Dataset content
↓↓↓
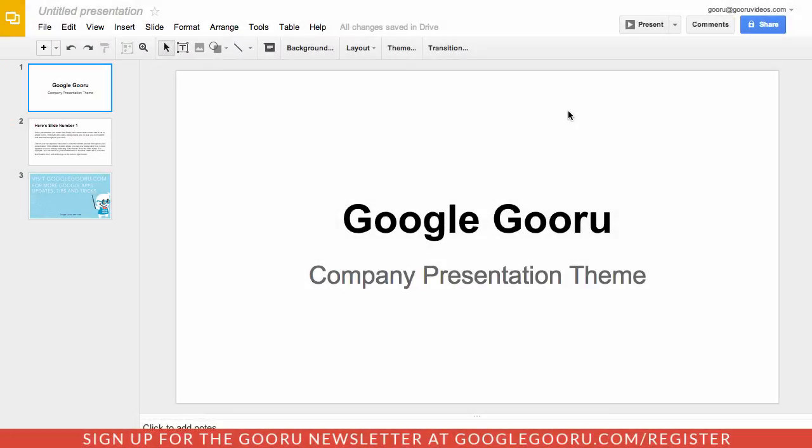Hey there everyone and welcome back to Google Guru. Today there were a couple of big changes to Google Slides or presentations as you may call them. These changes include editable themes and support for widescreen presentations.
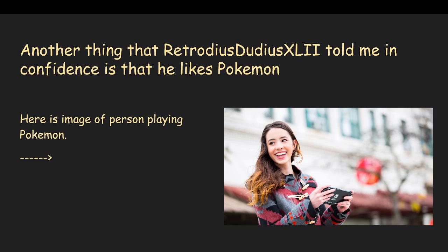However, he told me in confidence that he actually likes Pokemon, and this is a person playing Pokemon. This must be his sister. Because he has a sister, and this is her.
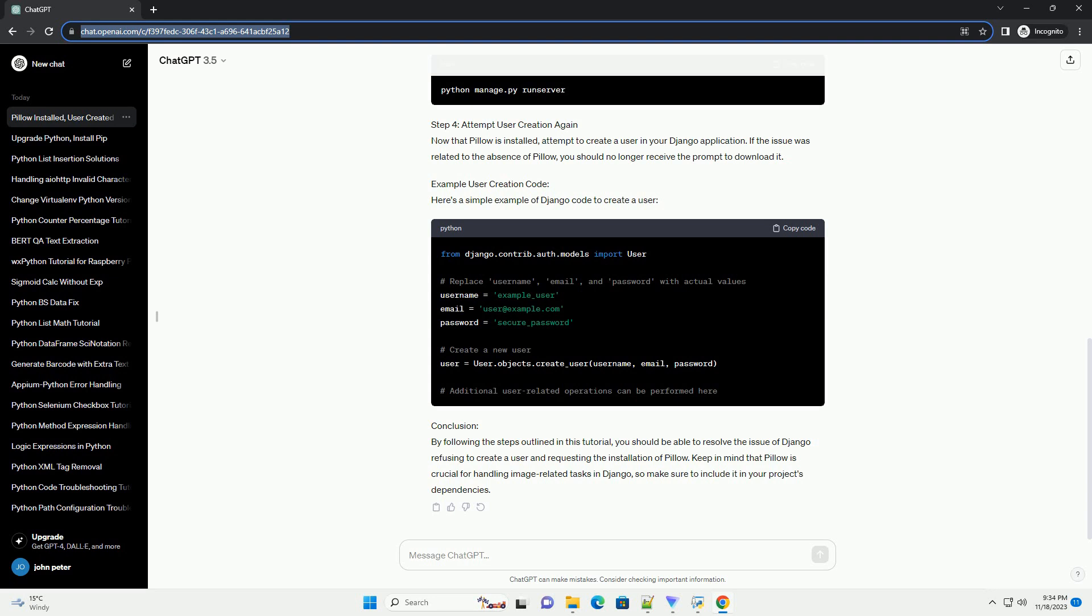Step 2: Update Requirements. If you're working on a Django project that utilizes a requirements.txt file to manage dependencies, it's essential to update it after installing Pillow. Open your requirements.txt file and add the following line. Replace version_number with the installed version of Pillow. You can find the version by running.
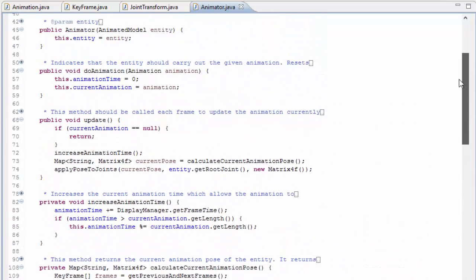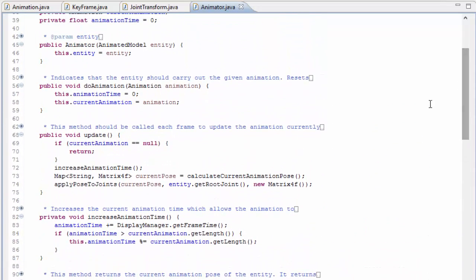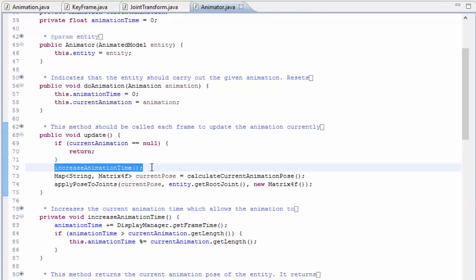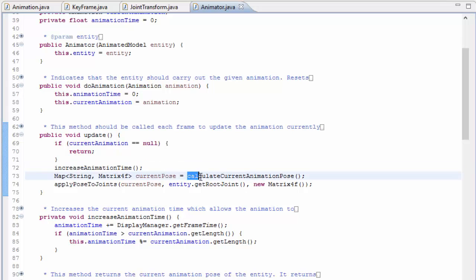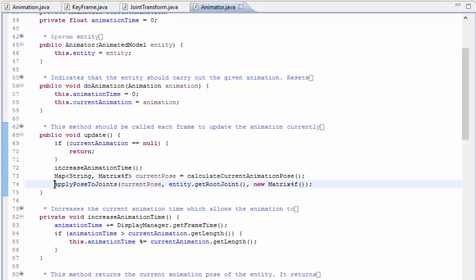And that is the animator's job done. To recap: every frame the animator increases the animation time so that the animation keeps progressing. It then calculates the current pose in bone space by interpolating between poses at the previous and next keyframe, and finally it calculates and sets the joint transforms for all the joints to apply the pose to the model.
↑↑↑
What to work on
Using the listing above, copy exactly the lines from the one that contains "Step 2: Update" through its last line, both included, but not the pictures.

Finished task
Step 2: Update Requirements. If you're working on a Django project that utilizes a requirements.txt file to manage dependencies, it's essential to update it after installing Pillow. Open your requirements.txt file and add the following line. Replace version_number with the installed version of Pillow. You can find the version by running.
And that is the animator's job done. To recap: every frame the animator increases the animation time so that the animation keeps progressing. It then calculates the current pose in bone space by interpolating between poses at the previous and next keyframe, and finally it calculates and sets the joint transforms for all the joints to apply the pose to the model.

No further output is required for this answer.